What is being asked: Output every entry exactly as written, but omit the pictures.

Information:
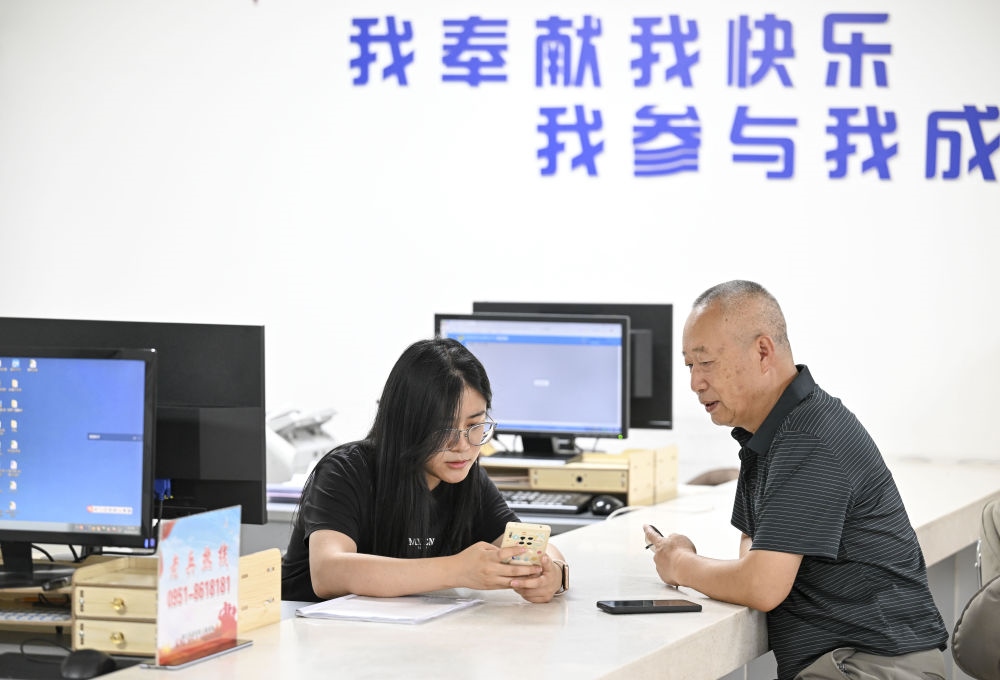 6月20日，在長城花園社區(qū)黨群服務(wù)中心，工作人員幫助居民辦理業(yè)務(wù)。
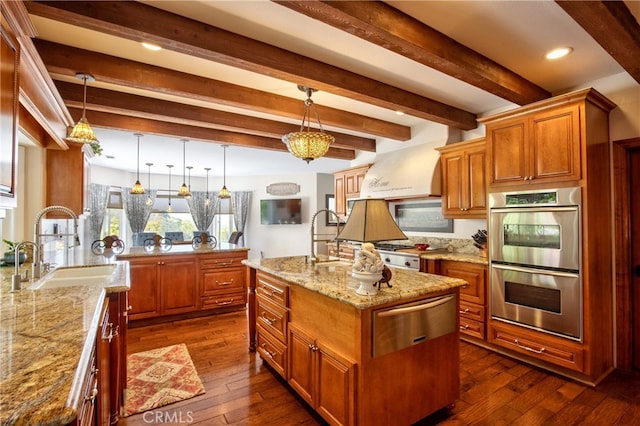 42768 El Calamar Rd, Temecula, CA 92590 - kitchen with double oven, a warming drawer, light stone countertops, brown cabinetry, and beamed ceiling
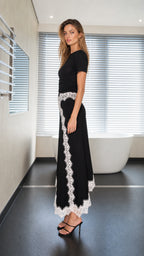 Model wearing black two-piece set, side view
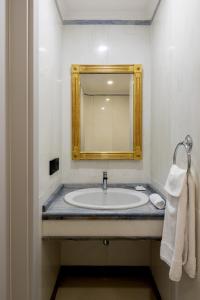 a bathroom with a sink and a mirror at Grand Hotel Parker's in Naples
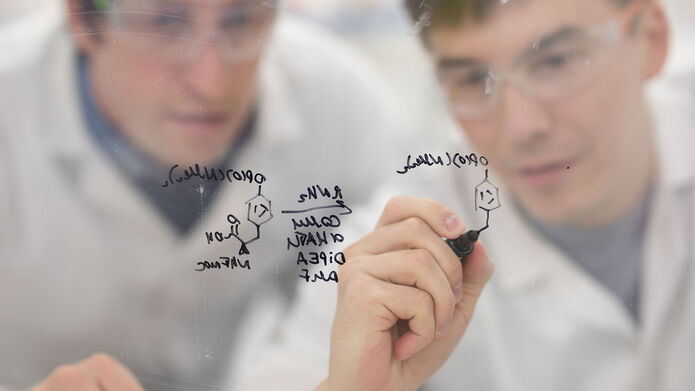 A lecturer and student in front of a perplex glass writing an equation in black pen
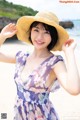 A woman in a dress and hat on the beach.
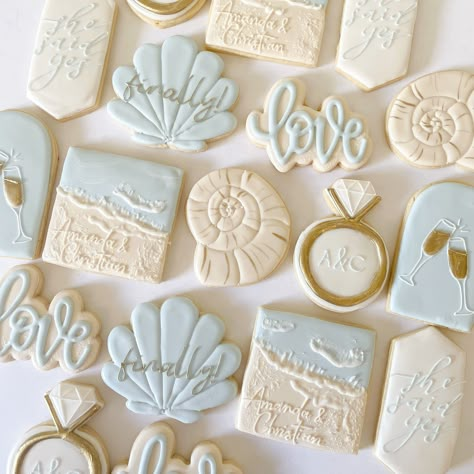 "Celebrate the future Mr. & Mrs. with this beautiful beach themed cookie set! 🍪 Cookie Size: 3-4\" cookies 🍪 Cookie Quantity: 12 cookies (per 1 order quantity)  🍪 Each cookie is made with love by our bakers, please understand there may be slight variations to each cookie due to the handmade nature of our sweets. View all Bridal cookie options on our website here: https://www.rollinindoughfl.com/bridal-collection Please find a list of all ingredients for cookie flavors here: https://www.rollin Beach Wedding Desserts, All I Sea Is Love Theme, Coastal Cowgirl Bachelorette Cookies, Bridal Shower Themes Beach, Beach Bridal Shower Cookies, Last Splash Cookies, Beach Themed Cookies Decorated, Coastal Cookies, Last Toast On The Coast Bachelorette Cookies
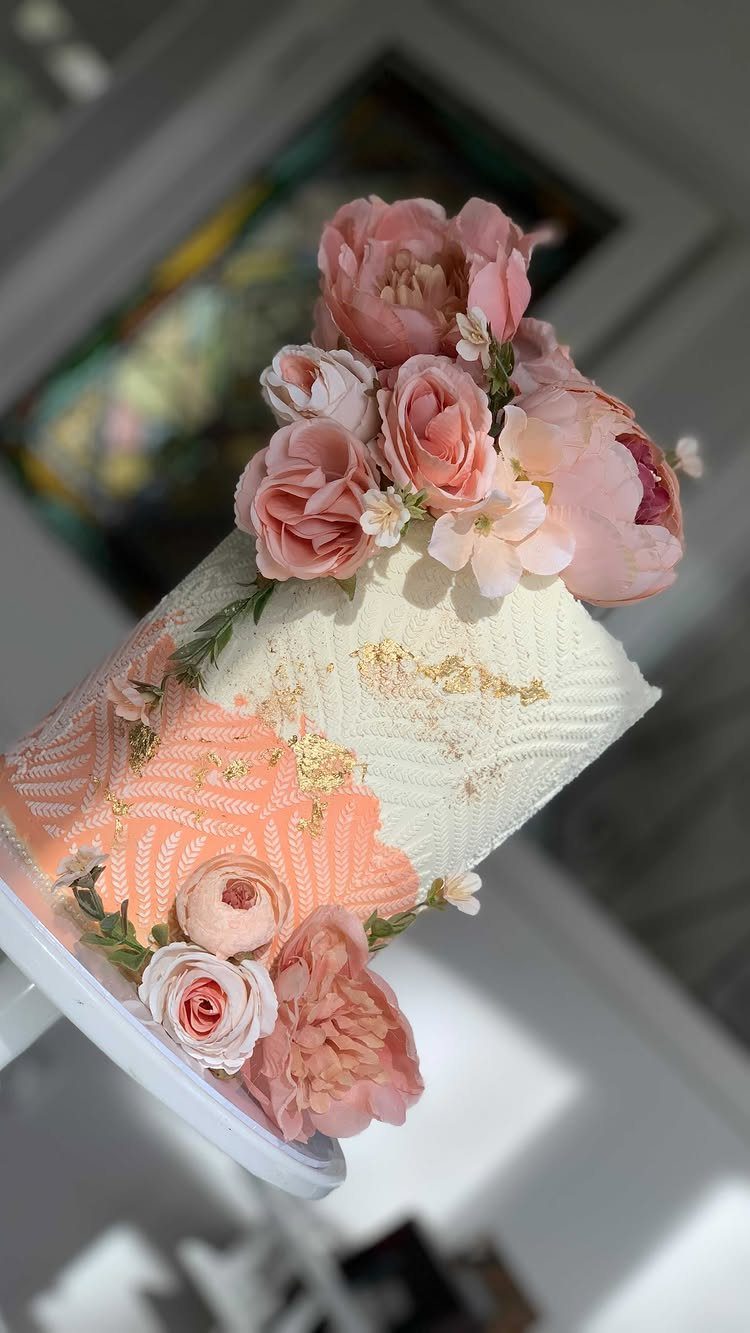 37 Wedding Cakes with Flowers to Inspire Your Design 35 White textured cake decorated with pink and peach roses and gold leaf accents.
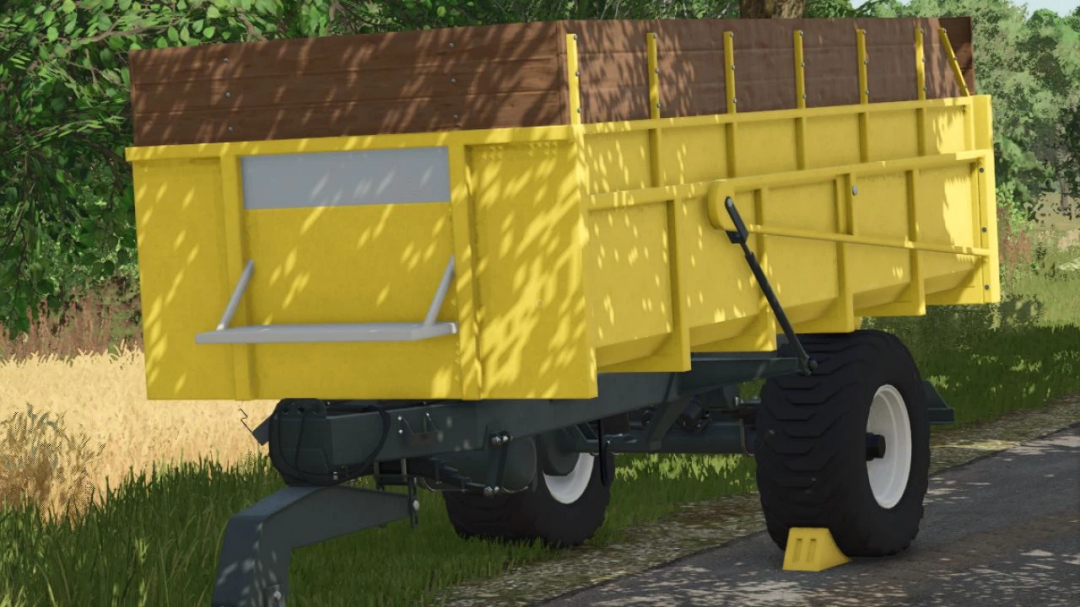 FS25 mod 30 Ton Trailer v1.0.0.0, a yellow and brown trailer in Farming Simulator 25.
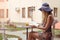 Beautiful girl in a blue straw hat and a summer dress sits at a cafe table and reads a book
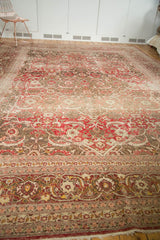 Distressed vintage Persian Tabriz rug border with softened red and ivory Herati motifs.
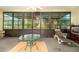 Sunroom featuring an abundance of windows, tiled floor, table, and a cushioned lounge chair at 3545 E Lake Dr, Land O Lakes, FL 34639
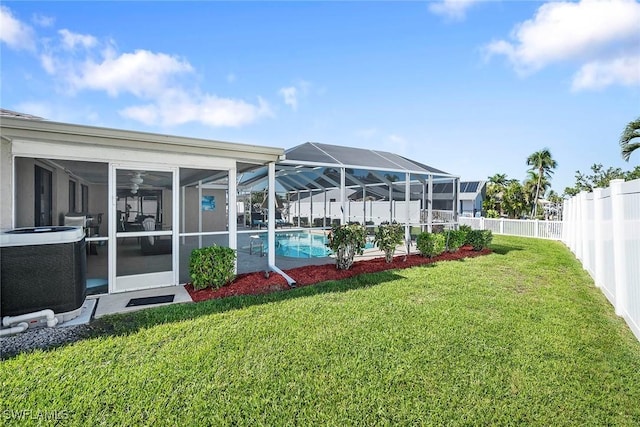 view of yard with a lanai, a fenced in pool, cooling unit, and a fenced backyard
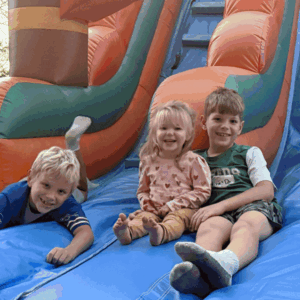 3 Kids Having Fun on a Water Slide, rented by Twin City Inflatables | Lexington, NC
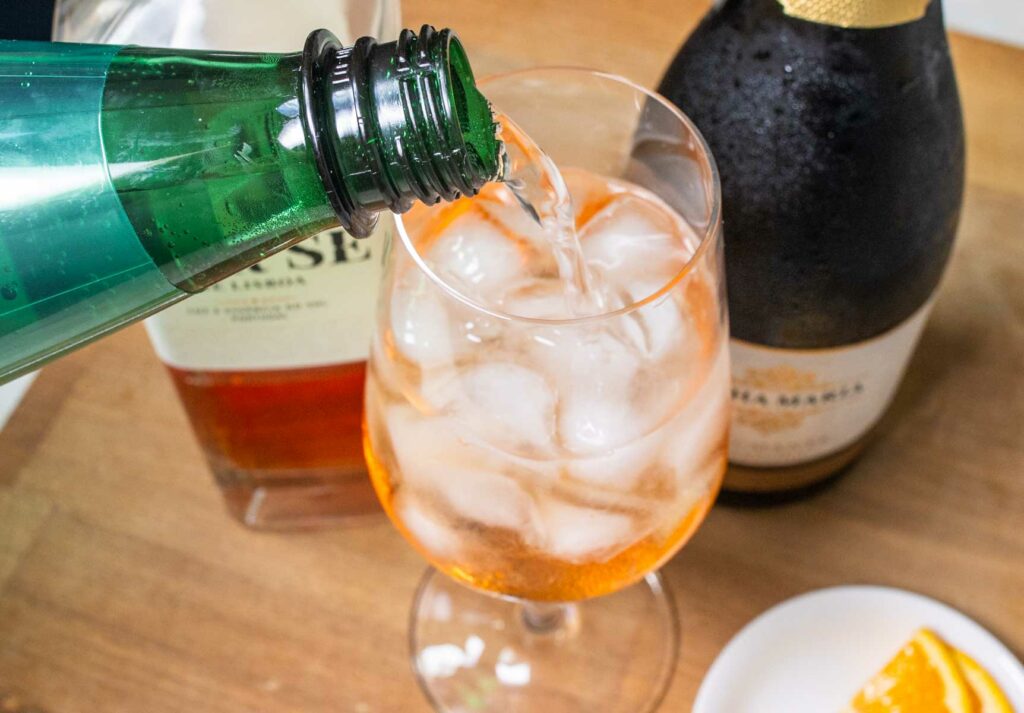 Adding Sparkling Water to a Portuguese Spritz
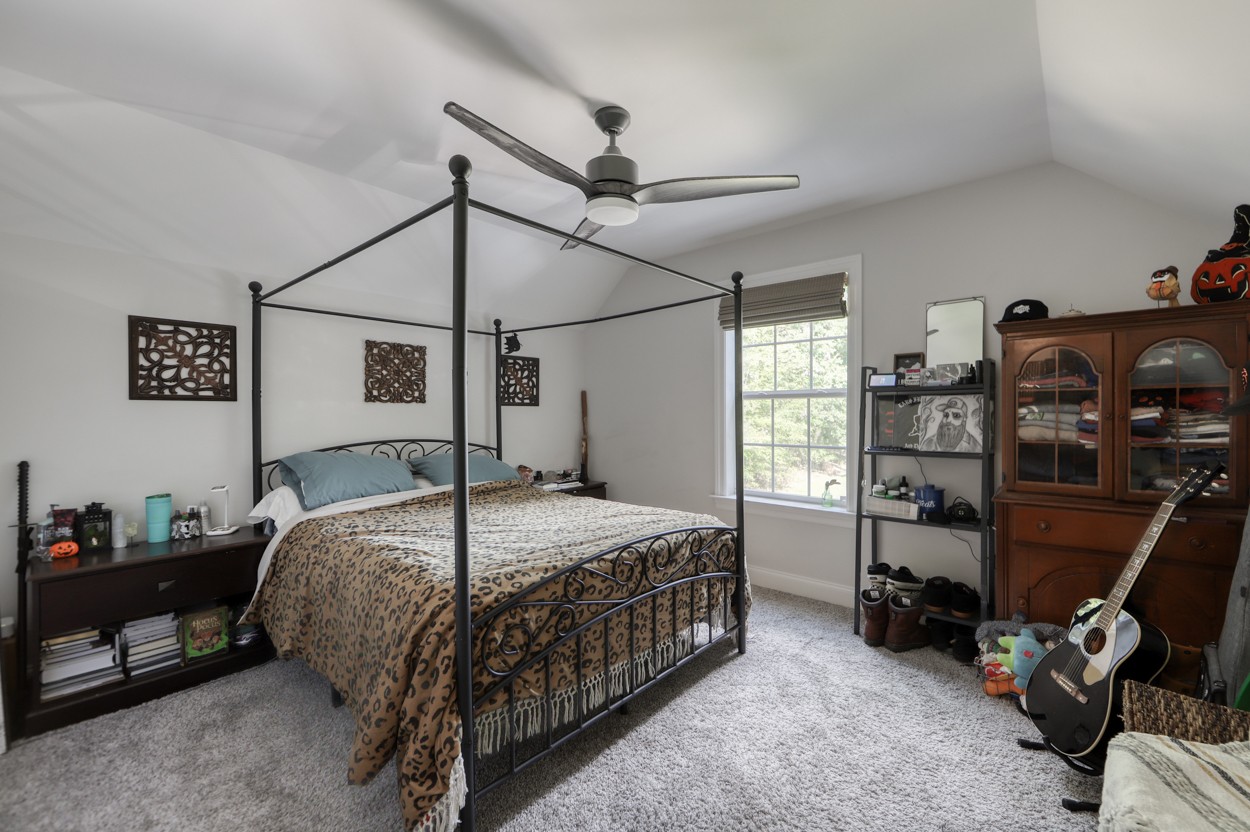 65 Sheltontown Road Manchester, TN 37355 - Photo 29 of 46 a bedroom with a bed a desk and chair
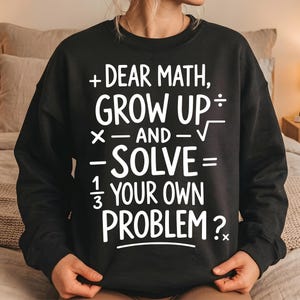 May include: Black sweatshirt with the text "+ DEAR MATH, GROW UP, X - AND - √, - SOLVE = 1/3 YOUR OWN PROBLEM?" in white. The sweatshirt has a crew neck and long sleeves.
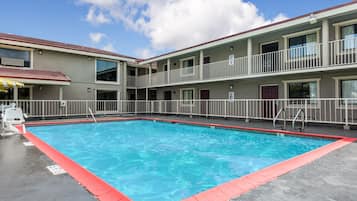 Outdoor pool, open 10 AM to 10:00 PM, pool umbrellas, sun loungers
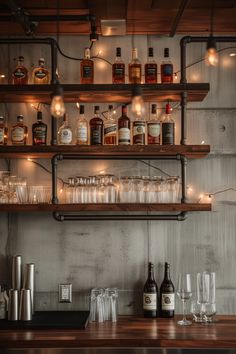 bottles and glasses are lined up on the shelves in a bar with lights behind them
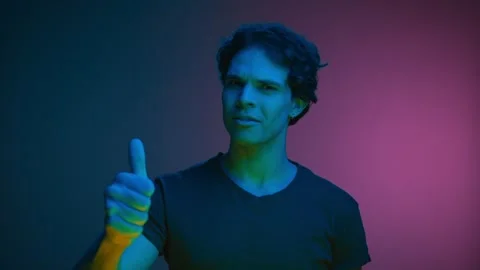 Portrait of Young Smiling Man Looking at Camera and Showing Gesture of Thumbs Up Stock Footage 267060341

Exercise output:
 6月20日，在長城花園社區(qū)黨群服務(wù)中心，工作人員幫助居民辦理業(yè)務(wù)。
 42768 El Calamar Rd, Temecula, CA 92590 - kitchen with double oven, a warming drawer, light stone countertops, brown cabinetry, and beamed ceiling
 Model wearing black two-piece set, side view
 a bathroom with a sink and a mirror at Grand Hotel Parker's in Naples
 A lecturer and student in front of a perplex glass writing an equation in black pen
 A woman in a dress and hat on the beach.
 "Celebrate the future Mr. & Mrs. with this beautiful beach themed cookie set! 🍪 Cookie Size: 3-4\" cookies 🍪 Cookie Quantity: 12 cookies (per 1 order quantity)  🍪 Each cookie is made with love by our bakers, please understand there may be slight variations to each cookie due to the handmade nature of our sweets. View all Bridal cookie options on our website here: https://www.rollinindoughfl.com/bridal-collection Please find a list of all ingredients for cookie flavors here: https://www.rollin Beach Wedding Desserts, All I Sea Is Love Theme, Coastal Cowgirl Bachelorette Cookies, Bridal Shower Themes Beach, Beach Bridal Shower Cookies, Last Splash Cookies, Beach Themed Cookies Decorated, Coastal Cookies, Last Toast On The Coast Bachelorette Cookies
 37 Wedding Cakes with Flowers to Inspire Your Design 35 White textured cake decorated with pink and peach roses and gold leaf accents.
 FS25 mod 30 Ton Trailer v1.0.0.0, a yellow and brown trailer in Farming Simulator 25.
 Beautiful girl in a blue straw hat and a summer dress sits at a cafe table and reads a book
 Distressed vintage Persian Tabriz rug border with softened red and ivory Herati motifs.
 Sunroom featuring an abundance of windows, tiled floor, table, and a cushioned lounge chair at 3545 E Lake Dr, Land O Lakes, FL 34639
 view of yard with a lanai, a fenced in pool, cooling unit, and a fenced backyard
 3 Kids Having Fun on a Water Slide, rented by Twin City Inflatables | Lexington, NC
 Adding Sparkling Water to a Portuguese Spritz
 65 Sheltontown Road Manchester, TN 37355 - Photo 29 of 46 a bedroom with a bed a desk and chair
 May include: Black sweatshirt with the text "+ DEAR MATH, GROW UP, X - AND - √, - SOLVE = 1/3 YOUR OWN PROBLEM?" in white. The sweatshirt has a crew neck and long sleeves.
 Outdoor pool, open 10 AM to 10:00 PM, pool umbrellas, sun loungers
 bottles and glasses are lined up on the shelves in a bar with lights behind them
 Portrait of Young Smiling Man Looking at Camera and Showing Gesture of Thumbs Up Stock Footage 267060341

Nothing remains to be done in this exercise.